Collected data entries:
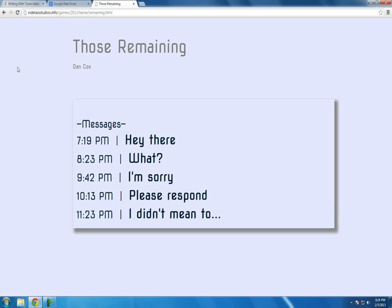Welcome to the fourth and final Twine tutorial video. Just like in the last video, I'm going to start with a project I've already made. This story, Those Remaining, is actually the one I'm posting for this week as part of my 52 Twine Stories ongoing year-long project.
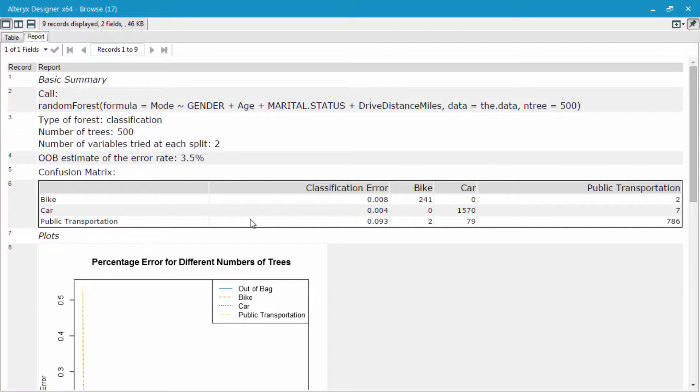The next thing I look for is record number four, which is the OOB estimation of the error rate, or the out-of-the-bag estimation error rate. As you can see, this is quite low at 3.5%, and this is that bootstrapping that I mentioned before.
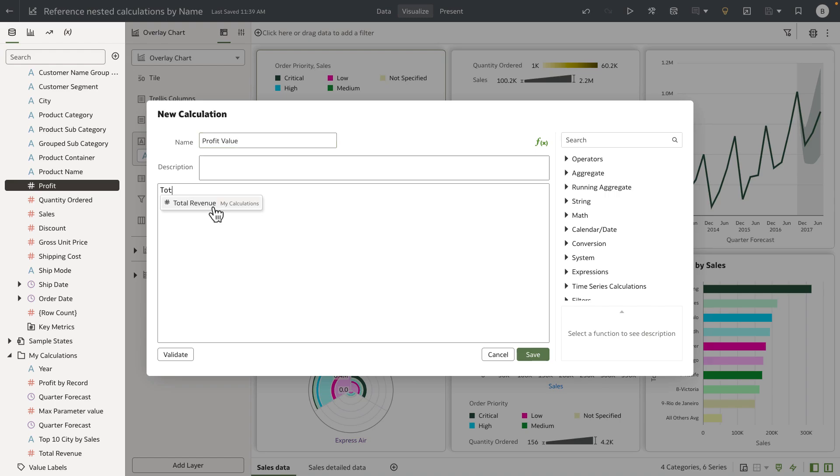So when I select total revenue, which is my calculation, we do not copy the expression of this calculation anymore, but we reference this calculation by name.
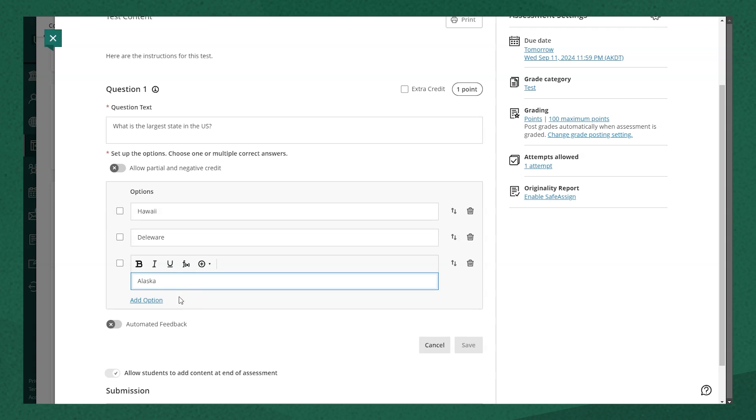Once I've entered my possible question answers, I'm going to select the correct answer by selecting a checkbox next to the correct answer.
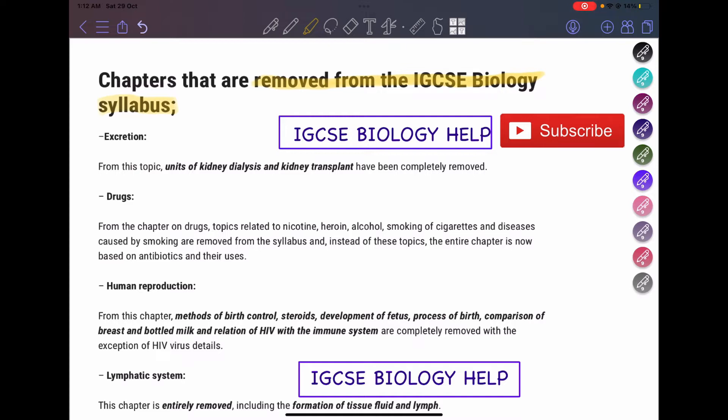For the excretion topic, this included the kidneys and kidney dialysis. Kidney dialysis and the kidney transplant are completely removed, so you don't need to study this topic anymore.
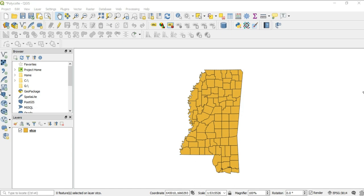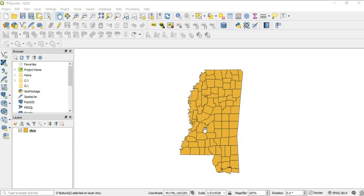Right now I'm looking at my stco file and I want to single out my county. This is my county but we've got this whole map that is connected to it, but I want this county and the information that comes with it.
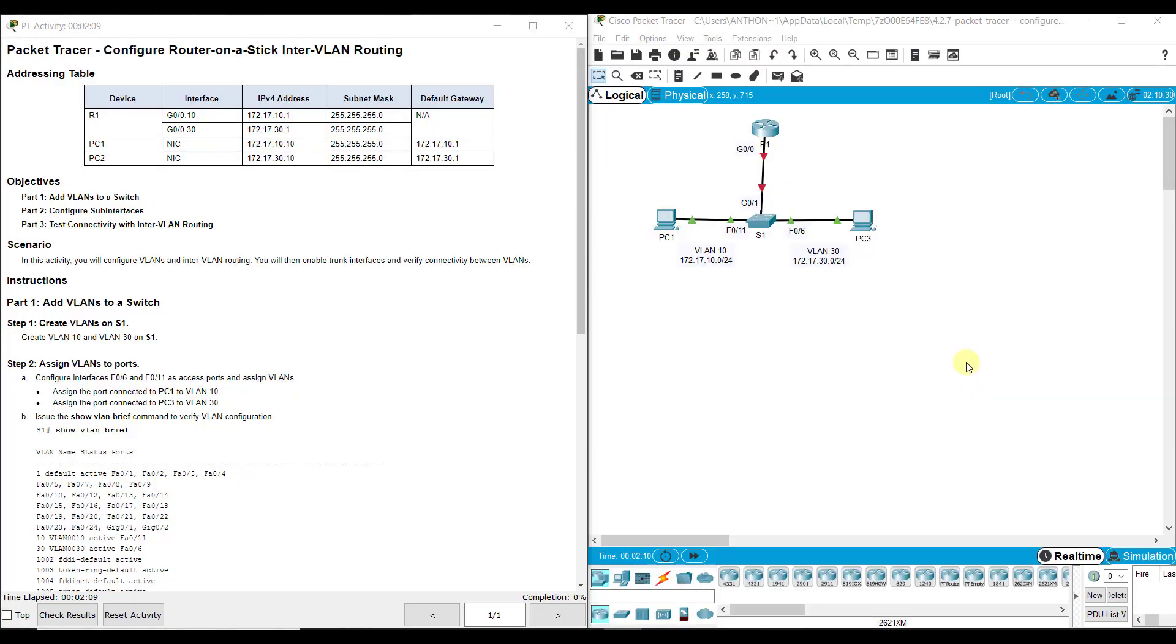Hi everyone, this video walks through completing Packet Tracer Assignment 4.2.7, Configuring Router on a Stick Inter-VLAN Routing. This Packet Tracer Assignment is part of the Switching, Routing, and Wireless Essentials Cisco Version 7 Networking Academy Curriculum.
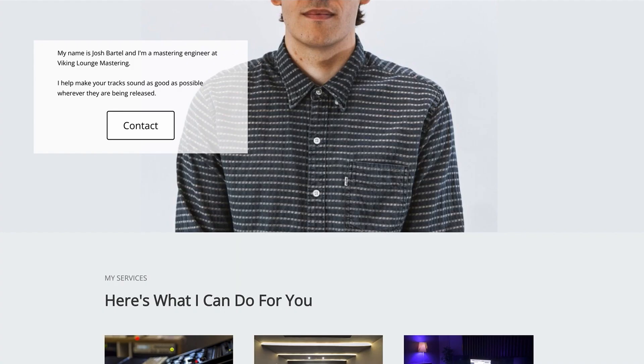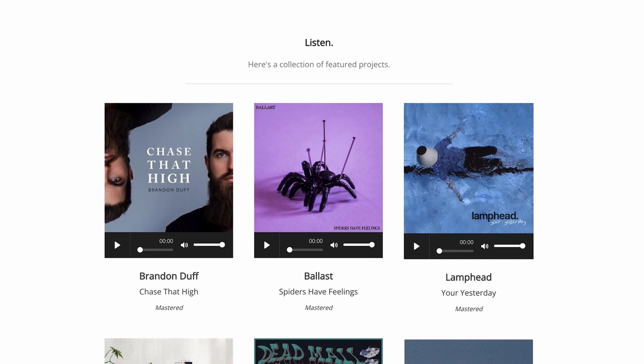Thanks so much for making it to the end of the video — I appreciate you. If you want to check out some of my work, you can head to my website in the description below: joshbartellmastering.com. If you want to work together, there's a contact form at the bottom — just fill that out and we can chat. Thanks again for all the support. We're almost at 2k subscribers, which is absolutely wild to me. Thank you so much. See you in the next one. Remember to use your ears.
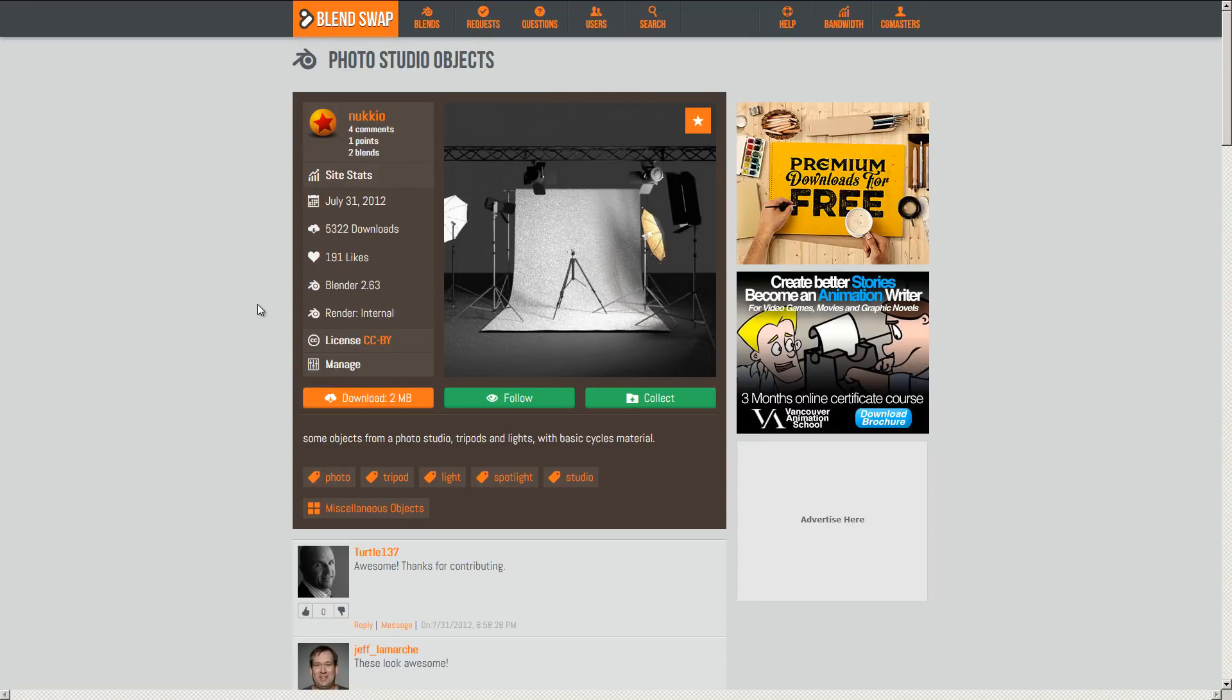Now I just want to give a quick shout out to Nuccio over on BlendSwap, which is where I got the LightStudio models. You can check out his work and these models over at blendswap.com under the name Nuccio. Or you can follow the link in the description. So that'll do it for this tutorial and I'll see you around.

## WORK REQUIRED
Transcribe exactly the lines from the one with "Thanks so much" to the last line of the records, both included, so that no picture appears in the copy.

## WRITTEN REPLY
Thanks so much for making it to the end of the video — I appreciate you. If you want to check out some of my work, you can head to my website in the description below: joshbartellmastering.com. If you want to work together, there's a contact form at the bottom — just fill that out and we can chat. Thanks again for all the support. We're almost at 2k subscribers, which is absolutely wild to me. Thank you so much. See you in the next one. Remember to use your ears.
Now I just want to give a quick shout out to Nuccio over on BlendSwap, which is where I got the LightStudio models. You can check out his work and these models over at blendswap.com under the name Nuccio. Or you can follow the link in the description. So that'll do it for this tutorial and I'll see you around.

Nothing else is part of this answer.